Dziennikarze „Wiedomosti” mieli wgląd w dane eksportowe („tajne”, jak to zapisały w cudzysłowie same „Wiedomosti”) Federalnej Służby Celnej (Fiedieralnaja tamożennaja służba, FTS) za okres styczeń–czerwiec br. Rosyjski eksport uzbrojenia wyniósł w tym okresie równowartość 4,7 mld dol. W analogicznym okresie 2020 r. wartość ta wyniosła 3,6 mld dol.

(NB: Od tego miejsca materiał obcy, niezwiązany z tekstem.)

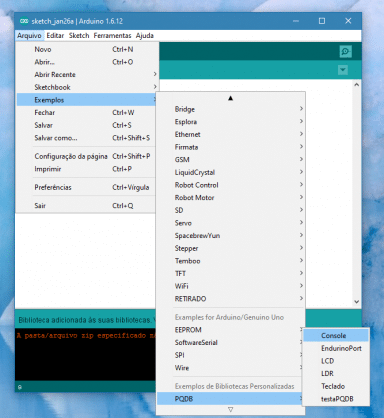 Exemplos para a placa PQDB Mini na IDE Arduino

Czytaj także: Irlandia i Czechy kupują samoloty Airbusa
Dziennikarze „Wiedomosti”, znając kody eksportowe, podają, że ok. 4,6 mld dotyczy wyrobów lotniczych, broni i amunicji. Oddzielnie ujęto broń pancerną (60 mln) i uzbrojenie morskie (78 mln). Miejsca na podium importerów przypadły kolejno: Czechom (683 mln), Algierii (603 mln) i Chinom (488 mln). W przypadku Czech wartość importu wzrosła sześciokrotnie liczona rok do roku!
Zaskakujący lider
Wyprzedzenie, choćby chwilowe, tak dużych i regularnych importerów rosyjskiego eksportu „specjalnego” jak: Chiny, Algieria czy Indie (w ogóle poza pierwszą trójką) robi wrażenie. Tym bardziej, jeśli weźmie się pod uwagę, że Czechy dorobiły się w maju br. umieszczenia przez Ministerstwa Spraw Zagranicznych Federacji Rosyjskiej na tzw. liście nieprzyjaznych państw (spisok niedrużestwiennych stran) po serii dwustronnych incydentów. W tym zwerbowaniu do agenturalnej współpracy rosyjskiego dyplomaty z rosyjskiej ambasady w Pradze, którego zresztą Czechy w groteskowych okolicznościach same zdekonspirowały. W następstwie „ewakuacji” tego dyplomaty do Rosji aresztowany w Rosji został Iwan Safronow (były dziennikarz i PR-owiec Roskosmosu, obecnie sądzony), który był prowadzony przez czeski wywiad. Czechy, próbując ratować resztki twarzy, oskarżyły Rosję o udział w wysadzeniu w powietrze składu amunicji w czeskich Vrběticach w 2014 r. Czeski rząd – wbrew stanowisku własnego prokuratora generalnego, który w proteście przeciw politycznemu sterowaniu „śledztwem” złożył dymisję – oskarżył o to dwóch najsłynniejszych rosyjskich „tajnych agentów”, czyli Aleksandra Pietrowa i Rusłana Boszyrowa. Tych samych, którzy w 2018 r. w brytyjskim Salisbury mieli podjąć próbę otrucia Siergieja Skripala, rosyjskiego agenta, który podjął współpracę z brytyjskim wywiadem.